Harry Hill's Fairtrade salted peanuts and cashews

Harry Hill’s Fairtrade salted peanuts and cashews Harry’s Nuts! are available in almost 800 Tesco stores in time for the Christmas nut buying rush.

A third of all nuts in the UK are sold in the run up to the festive season (Mintel 2008). This year, buying Harry’s Nuts! gives UK nut consumers a great way to support nut farmers and their families on the other side of the world at the traditional ‘time of giving’. Harry came up with the idea of selling tasty Fairtrade nuts for the benefit of the farmers and makes no money from it himself.

Harry’s Nuts! are popular for their taste – they are cooked for longer than other salted peanuts and cashews to give them an extra crunchiness and deeper flavour. They are the only branded Fairtrade nut snacks widely available in UK supermarkets so will be a welcome addition to any get-together.

Harry’s Nuts! are also available in Sainsbury’s and Waitrose stores, from, vending machines and smaller outlets.

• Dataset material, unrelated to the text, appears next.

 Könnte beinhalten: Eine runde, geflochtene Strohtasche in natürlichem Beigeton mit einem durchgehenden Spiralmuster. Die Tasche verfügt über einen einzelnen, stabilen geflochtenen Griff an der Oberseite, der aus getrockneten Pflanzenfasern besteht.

Harry works in partnership with 100% Fairtrade nut company Liberation Foods CIC – a company whose biggest shareholder is a co-operative of nut farming organisations from Malawi, Mozambique, India, Nicaragua and other countries.

Harry’s Nuts! have been backed by celebrity food writer Sophie Grigson who says: "The peanuts have a very appealing creamy texture and a delicious sweet, rounded flavour enhanced by just the right degree of salt."

Harry launched the products after travelling to Malawi and meeting some of the peanut farmers, many of whom are women looking after Aids orphans. He heard that the benefits which come with Fairtrade are a huge help to them. Harry, a big peanut lover, says: "I’m working with Liberation and it's great that the company is run to benefit the farmers and their families."

People who buy Harry's Nuts! are helping to establish 'Community Buying Centres' in Malawi - the Centres are used to keep the peanuts in top condition and are being paid for by Fairtrade premiums.. When harvest time is over, the farmers want the Centres to be used to give out relief items such as mosquito nets or seed for farmers who have lost their crops due to a river breaking its banks or a similar local disaster. There is talk of using the Centres for extra primary classes for children - sometimes the schools are too full and sometimes there are children who do not grasp education as quickly as others who need extra lessons.